Abstract
AIM: To assess the relationship between gastric acid output (GAO) and both pattern of gastroesophageal reflux (GER) and esophageal lesions, and to evaluate the role of GAO and other potential pathogenetic factors in the development of esophagitis.
METHODS: Gastric acid secretory testing and 24-h intraesophageal pH monitoring were performed in 31 patients with esophagitis and concomitant duodenal ulcer (E + DU) and compared with those of 72 patients with esophagitis (E) alone.
RESULTS: The GAO in patients with E + DU was significantly higher than in patients with E (P < 0.05). There was no significant difference between the two groups of patients as to endoscopicl findings and parameters of GER (P > 0.05). A multiple regression analysis with stepwise deletion showed that the presence of hiatal hernia (HH), GER in upright position and age appeared to correlate significantly with the presence of esophagitis.
CONCLUSIONS: No parallel relationship between GAO and severity of GER or esophageal lesions exists in patients with E + DU, and that GAO is not a major pathogenetic factor in GER disease.
Keywords: esophagitis/etiology, gastric acid/secretion, duodenal ulcer/etiology, gastroesophageal reflux/etiology, hydrogen-ion concentration, multivariate analysis
INTRODUCTION
It is generally agreed that gastroesophageal reflux (GER) may be multifactorial in its pathogenesis. Over the past decade, many investigators have focused their attention on the role of lower esophageal sphincter (LES), hiatal hernia (HH), esophageal mucosal sensitivity, and esophageal or gastric emptying in the development of GER disease.
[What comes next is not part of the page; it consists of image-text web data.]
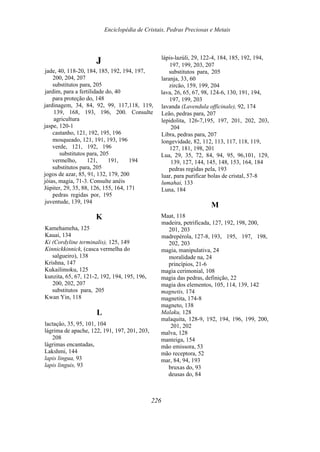 Enciclopédia de Cristais, Pedras Preciosas e Metais
J
jade, 40, 118-20, 184, 185, 192, 194, 197,
200, 204, 207
substitutos para, 205
jardim, para a fertilidade do, 40
para proteção do, 148
jardinagem, 34, 84, 92, 99, 117,118, 119,
139, 168, 193, 196, 200. Consulte
agricultura
jaspe, 120-1
castanho, 121, 192, 195, 196
mosqueado, 121, 191, 193, 196
verde, 121, 192, 196
substitutos para, 205
vermelho, 121, 191, 194
substitutos para, 205
jogos de azar, 85, 91, 132, 179, 200
jóias, magia, 71-3. Consulte anéis
Júpiter, 29, 35, 88, 126, 155, 164, 171
pedras regidas por, 195
juventude, 139, 194
K
Kamehameha, 125
Kauai, 134
Ki (Cordyline terminalis), 125, 149
Kinnickkinnick, (casca vermelha do
salgueiro), 138
Krishna, 147
Kukailimoku, 125
kunzita, 65, 67, 121-2, 192, 194, 195, 196,
200, 202, 207
substitutos para, 205
Kwan Yin, 118
L
lactaçâo, 35, 95, 101, 104
lágrima de apache, 122, 191, 197, 201, 203,
208
lágrimas encantadas,
Lakshmi, 144
lapis lingua, 93
lapis linguis, 93
lápis-lazúli, 29, 122-4, 184, 185, 192, 194,
197, 199, 203, 207
substitutos para, 205
laranja, 33, 60
zircão, 159, 199, 204
lava, 26, 65, 67, 98, 124-6, 130, 191, 194,
197, 199, 203
lavanda (Lavendula officinale), 92, 174
Leão, pedras para, 207
lepidolita, 126-7,195, 197, 201, 202, 203,
204
Libra, pedras para, 207
longevidade, 82, 112, 113, 117, 118, 119,
127, 181, 198, 201
Lua, 29, 35, 72, 84, 94, 95, 96,101, 129,
139, 127, 144, 145, 148, 153, 164, 184
pedras regidas pela, 193
luar, para purificar bolas de cristal, 57-8
lumahai, 133
Luna, 184
M
Maat, 118
madeira, petrificada, 127, 192, 198, 200,
201, 203
madrepérola, 127-8, 193, 195, 197, 198,
202, 203
magia, manipulativa, 24
moralidade na, 24
princípios, 21-6
magia cerimonial, 108
magia das pedras, definição, 22
magia dos elementos, 105, 114, 139, 142
magnetis, 174
magnetita, 174-8
magneto, 138
Malaku, 128
malaquita, 128-9, 192, 194, 196, 199, 200,
201, 202
malva, 128
manteiga, 154
mão emissora, 53
mão receptora, 52
mar, 84, 94, 193
bruxas do, 93
deusas do, 84
226
 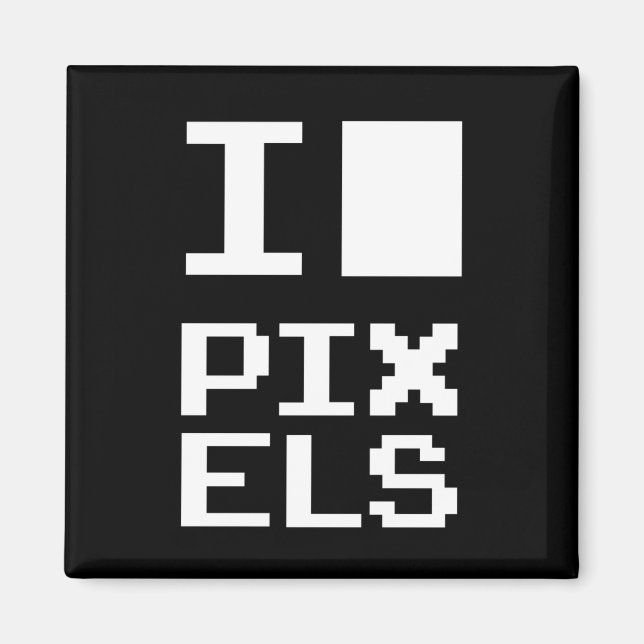 I Love Pixels, geek design, pixel art Magnet (Front)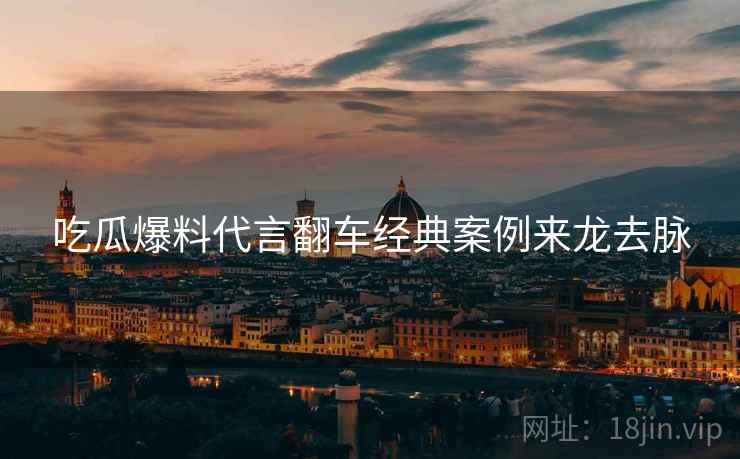 吃瓜爆料代言翻车经典案例来龙去脉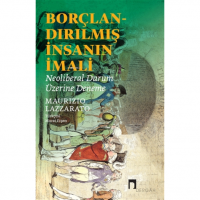 Borçlandırılmış İnsanın İmali;Neoliberal Durum Üzerine Deneme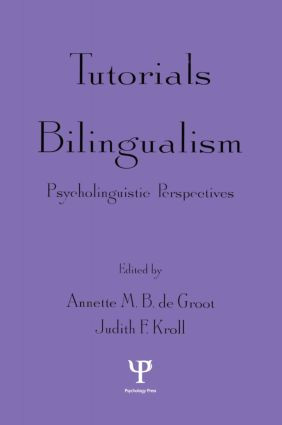 Tutorials in Bilingualism (Psycholinguistic Perspectives) - 9780805819519 by Annette M.B. de Groot, Judith F. Kroll, 9780805819519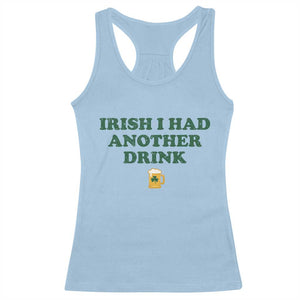 Irish I Had Another Drink Racerback Tank Top Funny St Patricks Day Beer Drinking Joke Pub Humor TS02 Light Blue Print Your Wear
Some studies have shown that LES, hiatal hernia, esophageal emptying and esophageal mucosal sensitivity are, to a certain extent, involved in the pathogenesis of GER[1-10]. However, although gastric acid is believed to be an important factor in the development of GER disease, it is still unclear whether the severity of GER and esophageal lesions is necessarily related to increased gastric acid output. Moreover, little is known which factors are crucial in the pathogenesis of GER disease. Therefore, the aims of this study are: to assess the relationship between gastric acid output (GAO) and both pattern of GER and severity of esophageal lesions in patients with esophagitis and concomitant duodenal ulcer (E + DU), in comparison with patients with esophagitis only (E); and to evaluate the role of GAO and other potential pathogenetic factors in the development of reflux esophagitis by multiple regression analysis with stepwise deletion.
PATIENTS AND METHODS
Patients
Two groups of patients were enrolled in this study. Of these patients, 31 (27 men, 4 women; mean age of 44 years) had E + DU and 72 (53 men, 19 women; mean age of 42 years) had esophagitis only. All patients had symptoms of GER disease, i.e., chronic heartburn and regurgitation, and/or up-per abdominal pain, for a median duration of 55.4 months (range from 3 to 120 months). None of the patients had taken H2-receptor blockers or H+/K+-ATPase inhibitors for 2 weeks before 24-h pH-monitoring and gastric acid secretory testing.
Methods
All patients underwent upper GI endoscopy, followed by 24 h intraesophageal pH monitoring and acid secretory testing over a 2-week period. Endoscopy was performed by the same gastroenterologist in all patients. The degree of esophagitis was assessed endoscopically by using the criteria of Savary and Miller[11] (grades I to IV). Of these patients, only few presented grades II and III esophagitis, and therefore grades I and II, and III and IV, respectively, were grouped together.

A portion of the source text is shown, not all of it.